Por ello, para preservar el bienestar, los derechos y las libertades ciudadanas es necesario que las fuerzas progresistas “digan algo de izquierda.” La democracia, como indicó Norberto Bobbio, se fundamenta en que el ciudadano tenga opciones reales de elegir y lo cierto es que las minorías económicas y estamentales han llevado a cabo una agresión sin precedentes a los mandatos ciudadanos dirimidos en las urnas. Bernard Cassen afirmaba: “cuando las etiquetas políticas de los partidos de gobierno carecen de sentido, cuando los electores no tienen más opción que “más de lo mismo”, cuando se les presenta como única perspectiva hincarse de rodillas ante las élites, se están socavando los fundamentos mismos de la democracia representativa.”

 

Empero, los progresistas no pueden ser cómplices de esta estrategia perversa, la solución no es dejar el espacio libre a los que son parte del problema y que no traen otra solución que limitar la libertad y ampliar las desigualdades.

 

La aparente derrota de las ideologías ante el utilitarismo mercantilista deja al hombre, como afirmaba Ortega, mutilado, en seco, sin explicaciones, sin cuidados para las heridas.

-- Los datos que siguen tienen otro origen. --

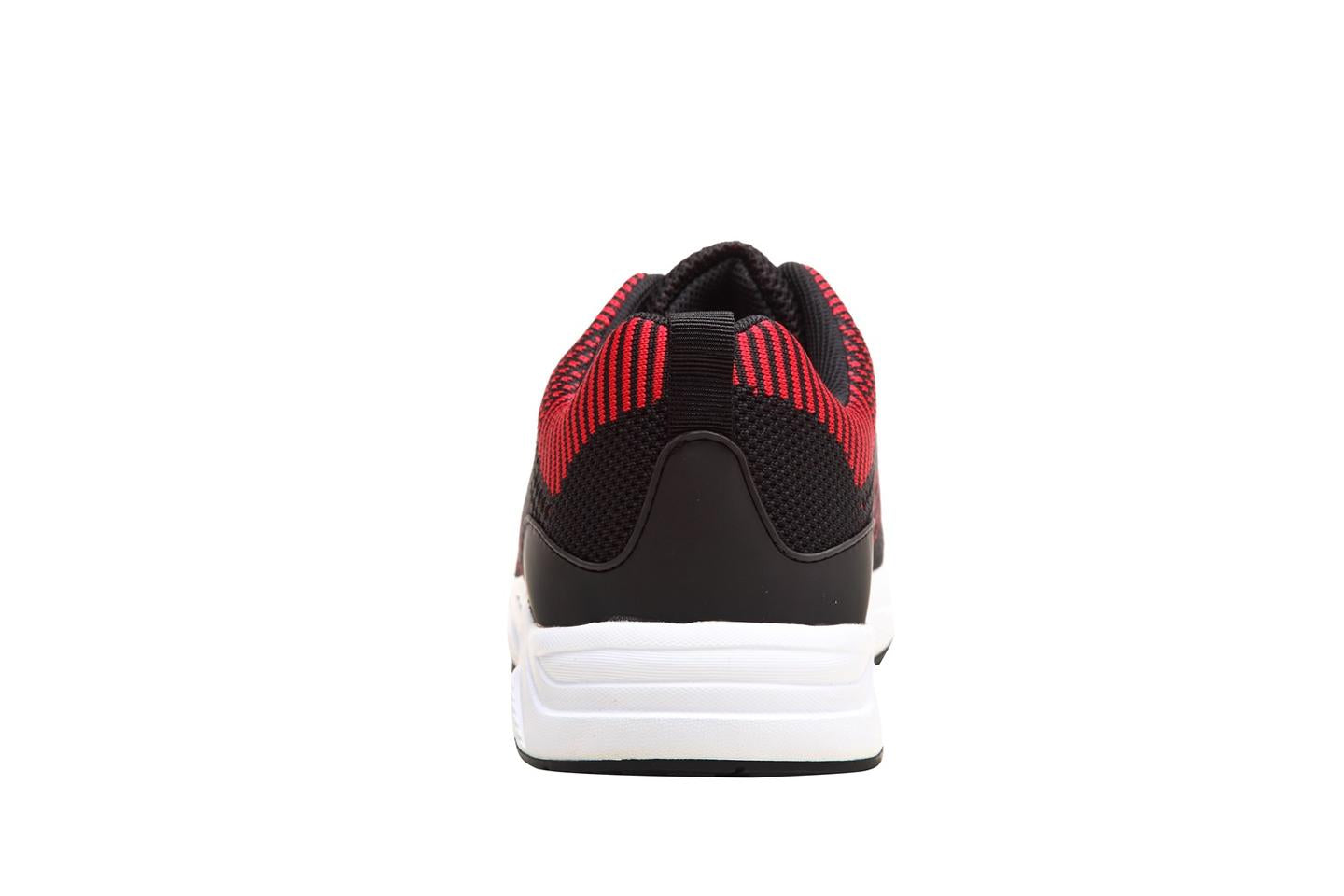 9712 FITec Knitted Walking Shoe::Black/Red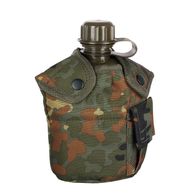 Mil-Tec Feldflasche 1 L Kunststoff flecktarn Armee Outdoor Airsoft Softair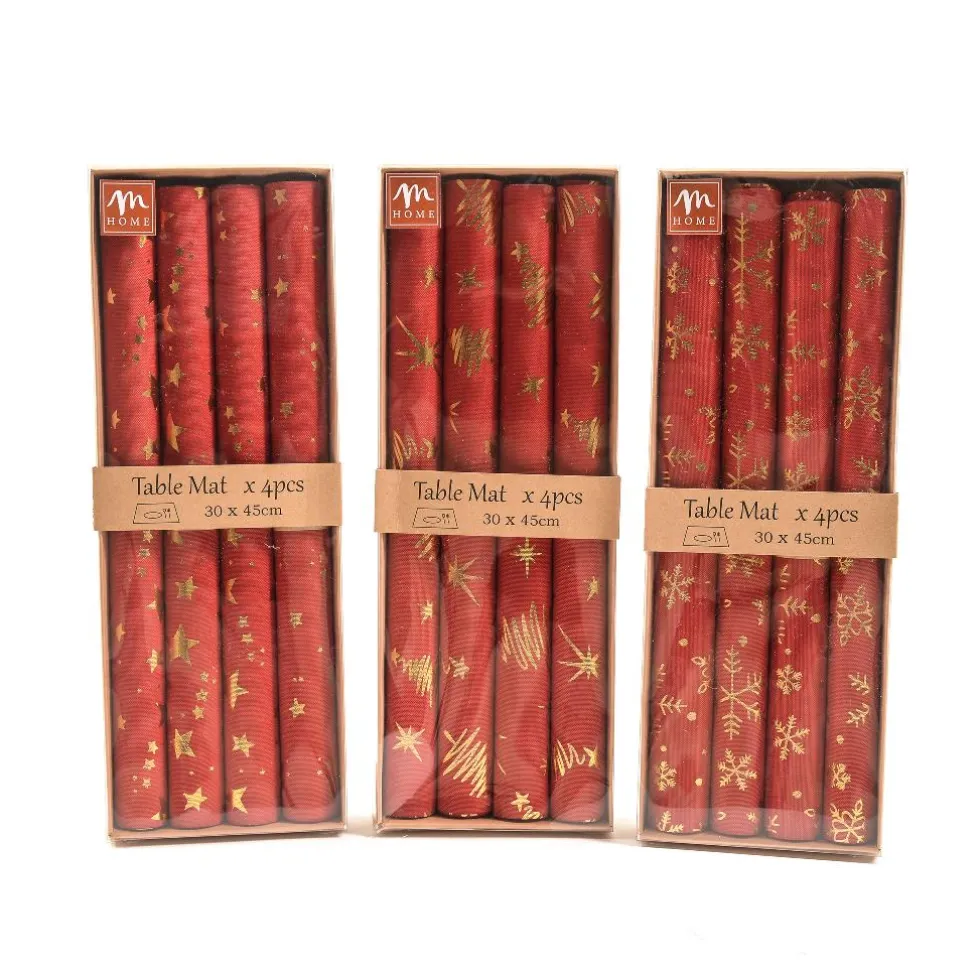 Set 4 Tovagliette in tessuto laminato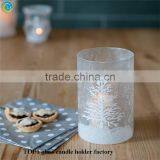 Wide Mouth Mason Jar Lids Snow Scene Cylinder Glass Candle Jars thumbnail-6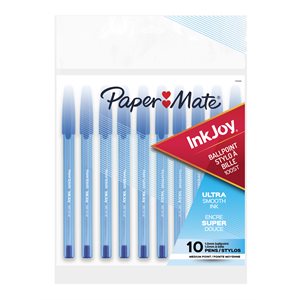 InkJoy Medium BLUE Pens ~PKG 10
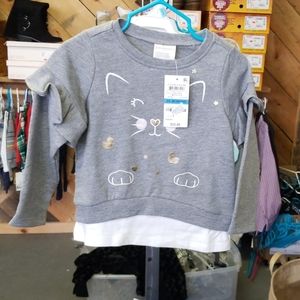 Nwt baby girls shirt sz 24 months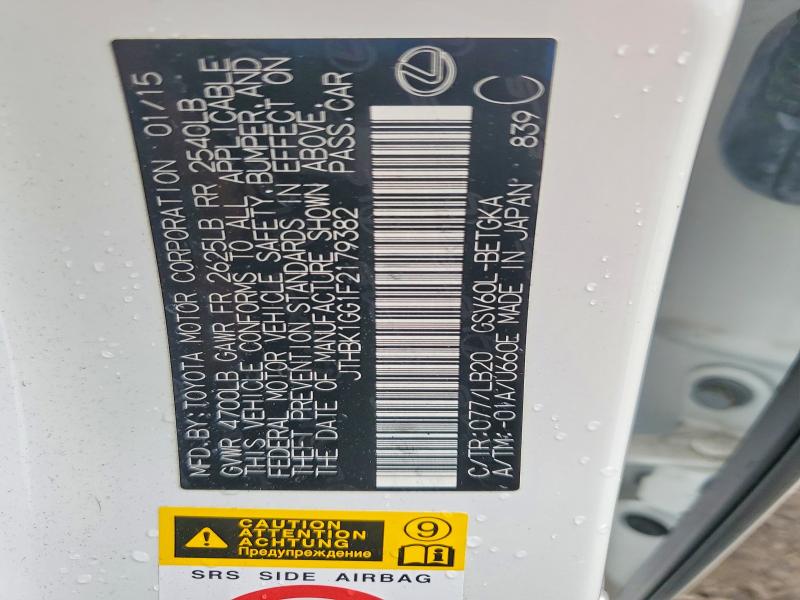 48402826 :رقم المزاد ، JTHBK1GG1F2179382 vin ، 2015 Lexus Es 350 مزاد بيع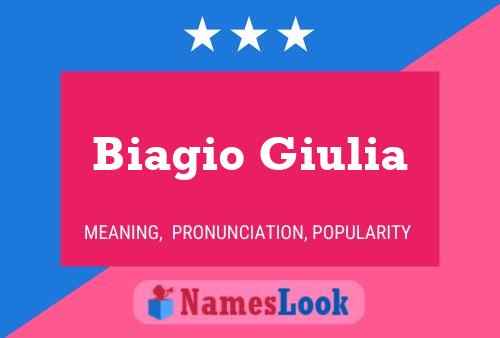 Biagio Giulia பெயர் போஸ்டர்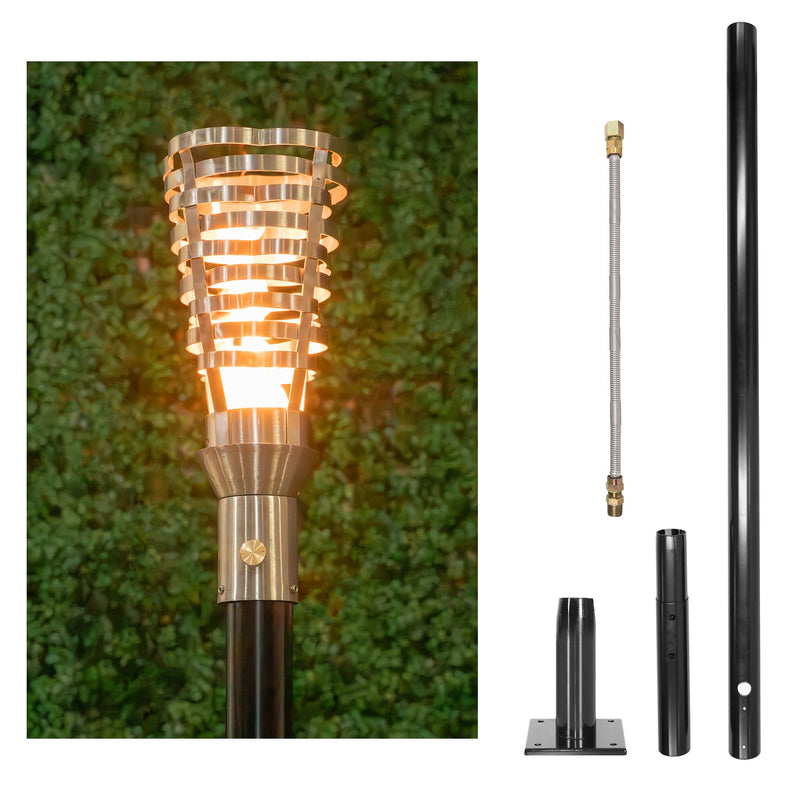 The Outdoor Plus Tiki Torch & Post Kit - Hercules (OPT-TPK5)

Sin embargo, la alternativa no será nada si no aspira a convertirse en un continuo vuelo en los cielos migratorios de la política: un ir hacia más allá, un aspirar, un anunciar que algo va a ser. Y eso únicamente es posible cuando se piensa en grande, cuando se mira lejos. Sólo desde el ámbito de las ideas, de la ideología, de los principios, es posible rescatar la confianza de la ciudadanía en un renovado proyecto, porque entonces es cuando realmente  habrá un proyecto alternativo.Nos han alienado con una visión de la vida que ha devenido en la ideología que crea la ilusión de que ya no hay vida. Pero ignoran los poderes dominantes que la esperanza está, primordialmente, en los que no encuentran consuelo. Decir “no” es un acto revolucionario, es la vida misma defendiéndose.